Closed grawlinson closed 4 years ago
@grawlinson can you confirm you have the ebtables command installed?
You'll want to confirm some of the basics:
Also how is that LXD installed exactly? The journal output suggests that you upgraded to a new LXD and then downgraded it which LXD detected and refused starting.
I didn't need ebtables installed with lxd 3.18, only installed it with 3.19 when it showed up in the logs.
I don't have dnsmasq running due to all my containers having static IPs, and others obtaining IP addresses via router DHCP. It has worked this way from lxd 3.14, and only ran into this particular issue when upgrading to 3.19.
iptables -L -n -v
$ sudo iptables -L -n -v
Chain INPUT (policy ACCEPT 8189 packets, 697K bytes)
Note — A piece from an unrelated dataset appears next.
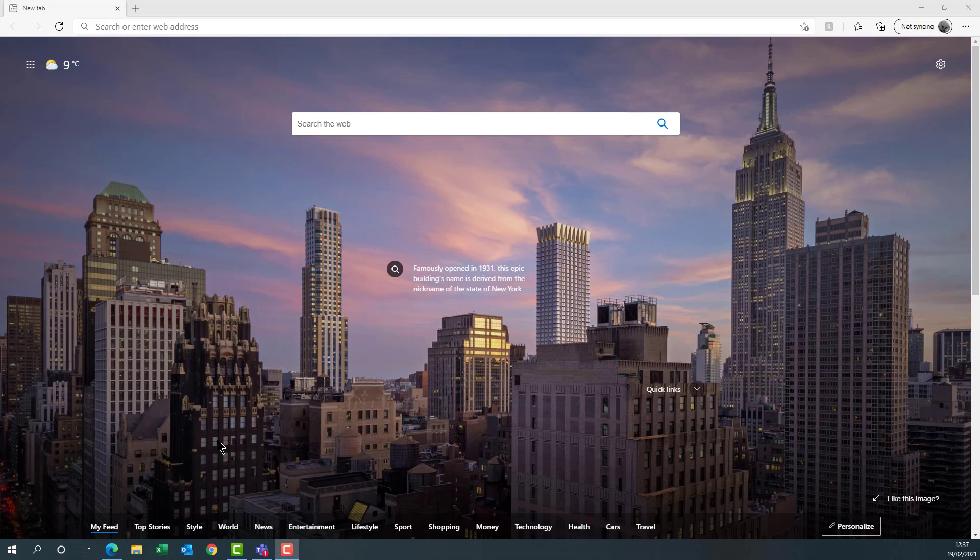So the first thing to do is open up your favorite browser. Today I'm going to be using Edge, but you can use Edge, Chrome or Firefox on either PC or Mac or even a Linux PC if you wanted.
pkts bytes target prot opt in out source destination
Chain FORWARD (policy ACCEPT 19 packets, 1434 bytes) pkts bytes target prot opt in out source destination
Chain OUTPUT (policy ACCEPT 7592 packets, 3180K bytes) pkts bytes target prot opt in out source destination
LXD is installed using [this](https://github.com/Foxboron/lxd-repo/) repository. I upgraded from 3.18 to 3.19, back to 3.18 and now running 3.19.
I may have found a cause. Restarting a container results in this showing up in logs. Will do some more poking around.
Jan 21 08:19:51 r620 systemd-networkd[1172]: veth52060197: rtnl: received neighbor message with invalid family, ignoring.
Jan 21 08:19:51 r620 systemd-networkd[1172]: veth52060197: rtnl: received neighbor message with invalid family, ignoring.
Oh, hold on, did you also upgrade your containers? And are those running ArchLinux too?
If so and you're also using networkd in those containers, then you just got hit by the systemd pointrelease regression in networkd.
If that's the case, then your way out of this issue is to apply the same fix we have in our current images: https://github.com/lxc/lxc-ci/blob/master/images/archlinux.yaml#L470
Yup, that was the problem. Do you have a reference/article regarding the regression that I could peruse?
I really appreciate the help, @stgraber & @tomponline. I think that's two beverages I owe you now. :)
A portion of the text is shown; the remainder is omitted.